- Film poster
- Directed by: Patrick Dickinson
- Written by: Patrick Dickinson
- Produced by: Jamie Harvey; Satch Watanabe; Gabrielle Tana; Kosuke Oshida; Carolyn Marks Blackwood; Hélène Théodoly.;
- Starring: Ciarán Hinds; Aoife Hinds; Lily Franky; Ryo Nishikido; Tae Kimura; Rin Takanashi;
- Cinematography: Mark Wolf
- Production companies: Brouhaha Entertainment MBK Productions Magnolia Mae Films Written Rock Films
- Distributed by: WestEnd Films
- Release date: 26 October 2023 (Rome);
- Countries: United Kingdom Japan
- Language: English

= Cottontail (film) =

Film by Patrick Dickinson

Cottontail (コットンテール) is a 2023 drama film written and directed by Patrick Dickinson.

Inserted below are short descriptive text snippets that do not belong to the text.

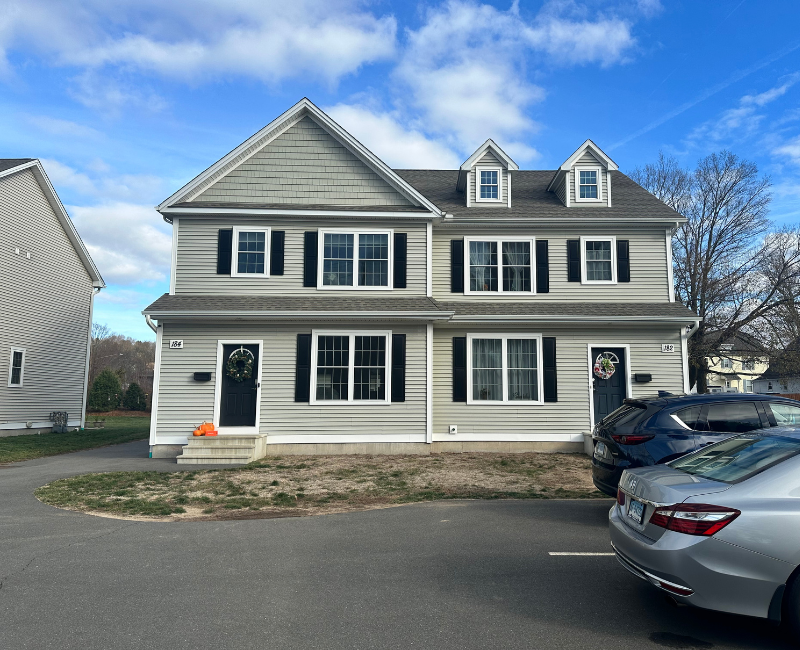 Apartments for Rent in CT MultiFamily Carrier Companies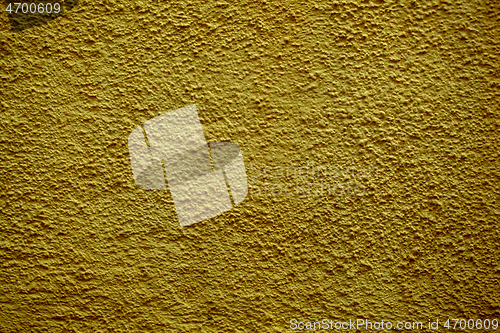 Image of Rough dingy brown wall background texture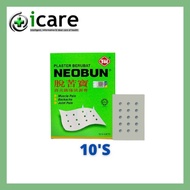 NEOBUN 10S (ICARE PHARMACY)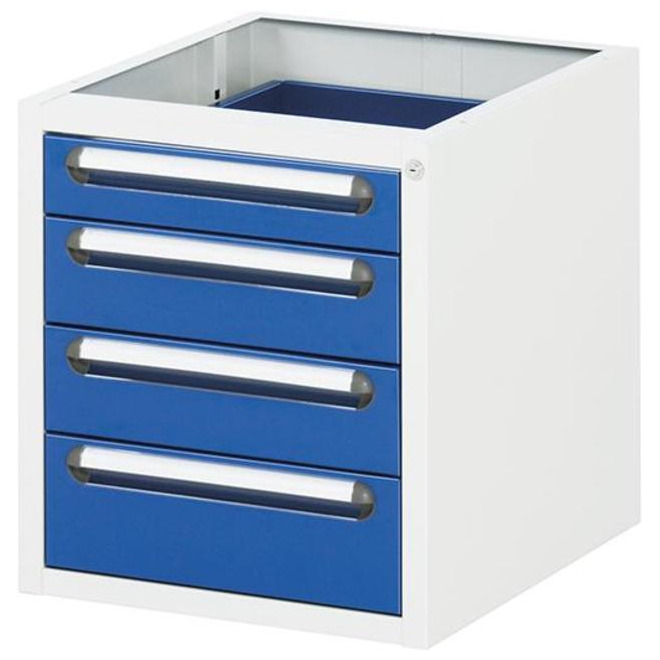 Unterbau-Container B480xT600xH545mm Produktbild img1 L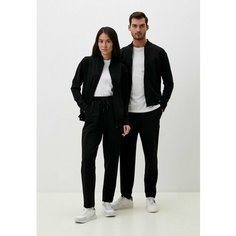 Костюм спортивный BLACKSI, размер S/M, черный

It premiered at the Rome Film Festival on 26 October 2023, winning the BNL BNP Paribas Best First Film award.

==Premise==
A widower and his son travel from Japan to England's Lake District to scatter his wife's ashes there, as she grew up loving the stories of Beatrix Potter.

==Cast==
- Lily Franky as Kenzaburo
- Kosei Kudo as young Kenzaburo
- Ryo Nishikido as Toshi
- Tae Kimura as Akiko
- Yuri Tsunematsu as young Akiko
- Rin Takanashi as Satsuki
- Ciarán Hinds as John
- Aoife Hinds as Mary

==Production==
It was announced in November 2019 that Ken Watanabe, Ralph Fiennes, Jessie Buckley and Dai Watanabe had been cast in the film. Filming was set take place between Japan and England, beginning autumn 2020.

In April 2021, the previously announced cast, minus Buckley, had exited the film, with Lily Franky, Ciarán Hinds, Ryo Nishikido, Tae Kimura and Rin Takanashi now set to star. Filming took place in June 2021.

Late 2022, it was announced that Ciarán Hinds's daughter Aoife Hinds had replaced Buckley.

It was produced by Gabrielle Tana, Kosuke Oshida, Carolyn Marks Blackwood, and Hélène Théodoly.